Part of Holmes’ defense strategy, it is expected that one of their biggest mistakes as CEO was trusting Balwani, according to the defense opening statements. Unsealed court records also claim that Holmes could claim that sexual and psychological abuse by Balwani affected her mental state and decision-making at Theranos. Balwani firmly rejects the allegations.
In the notes to himself, Holmes also referred to former Secretary of State George Shultz, who was on the board.

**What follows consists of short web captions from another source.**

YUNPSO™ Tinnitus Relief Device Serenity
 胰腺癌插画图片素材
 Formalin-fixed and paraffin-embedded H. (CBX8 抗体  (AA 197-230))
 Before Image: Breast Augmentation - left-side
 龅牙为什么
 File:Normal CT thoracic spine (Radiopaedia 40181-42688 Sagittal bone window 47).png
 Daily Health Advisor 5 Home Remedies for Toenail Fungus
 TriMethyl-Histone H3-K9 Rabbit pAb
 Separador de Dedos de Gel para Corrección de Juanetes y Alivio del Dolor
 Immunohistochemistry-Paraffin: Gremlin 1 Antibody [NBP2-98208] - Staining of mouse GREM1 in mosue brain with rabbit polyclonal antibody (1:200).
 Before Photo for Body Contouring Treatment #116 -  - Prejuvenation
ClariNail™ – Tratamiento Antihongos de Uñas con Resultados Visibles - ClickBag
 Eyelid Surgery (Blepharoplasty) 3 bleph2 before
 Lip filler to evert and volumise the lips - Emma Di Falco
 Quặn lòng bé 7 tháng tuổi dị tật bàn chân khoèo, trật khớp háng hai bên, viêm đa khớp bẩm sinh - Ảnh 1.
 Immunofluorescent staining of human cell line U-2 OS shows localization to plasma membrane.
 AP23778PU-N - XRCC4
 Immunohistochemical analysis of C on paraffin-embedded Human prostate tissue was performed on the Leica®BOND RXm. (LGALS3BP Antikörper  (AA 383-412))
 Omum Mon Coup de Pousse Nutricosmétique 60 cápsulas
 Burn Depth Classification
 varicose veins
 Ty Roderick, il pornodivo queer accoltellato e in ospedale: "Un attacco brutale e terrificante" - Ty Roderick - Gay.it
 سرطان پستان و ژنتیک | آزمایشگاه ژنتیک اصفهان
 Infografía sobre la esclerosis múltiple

Shultz’s grandson, Tyler, worked at Theranos and became one of the earliest whistleblowers.
On April 29, 2015, Holmes wrote, “All day counseling – EAH call – talk George off the cliff …” Although it is not clear what she meant, Tyler Shultz had his grandfather according to Carreyrou’s book, “Bad Blood.” Warned of potential corporate fraud. “Tyler Shultz is set to testify for the government. George Shultz died earlier this year.
In another note to himself, written in April 2015, Holmes recorded her thoughts for a presentation on Theranos. She points out that her company “had legal success in Arizona” and “Started – Vision – Changing the World.” Access to health care. Reduce costs.
But Holmes also remembered it: “Fudge it – if I don’t understand – want to be cleared – stop – explore – reserve – can make it”
When Holmes was in the media spotlight, she was interviewed regularly on numerous television programs.
In a note to herself on October 17, 2015, she wrote about two appearances that year on CNBC in which she was interviewed by Jim Cramer and Andrew Ross Sorkin. Holmes wrote: “Certain platforms – so fabulous – normal people … (Cramer) – Sorkin – crazy man – tough”
That wasn’t the only reference to journalists.
Holmes also wrote about Carreyrou, Gerard Baker, editor of the Wall Street Journal, and Dennis Berman, then editor of money and investments for the Journal.
In another note, Holmes wrote: “Very productive – CBS this morning producers, interview on Friday”
In one of the more cryptic notes, Holmes wrote:
“Really smart people picked Mado up, not you”
This notice was discussed extensively on Carreyrou’s “Bad Blood: The Final Chapter” podcast on September 8th. Carreyrou said it appears to be referring to convicted fraudster Bernie Madoff.
Holmes’ description of becoming Jobs in 2015 followed text messages between her and Balwani the previous year. The New Yorker was preparing an article on Theranos in 2014, and Balwani’s text messages to Holmes received by CNBC indicated that he was ready to step back to emphasize her success.
“Would you like New Yorker to say that hiring you was critical to Theranos’ success,” wrote Holmes Balwani. “If it takes something away from you, then no. Maybe there is a better way, ”replied Balwani.
Holmes described how Theranos should be portrayed in the press and wrote to Balwani that both would find out: “We decide together what sounds best.”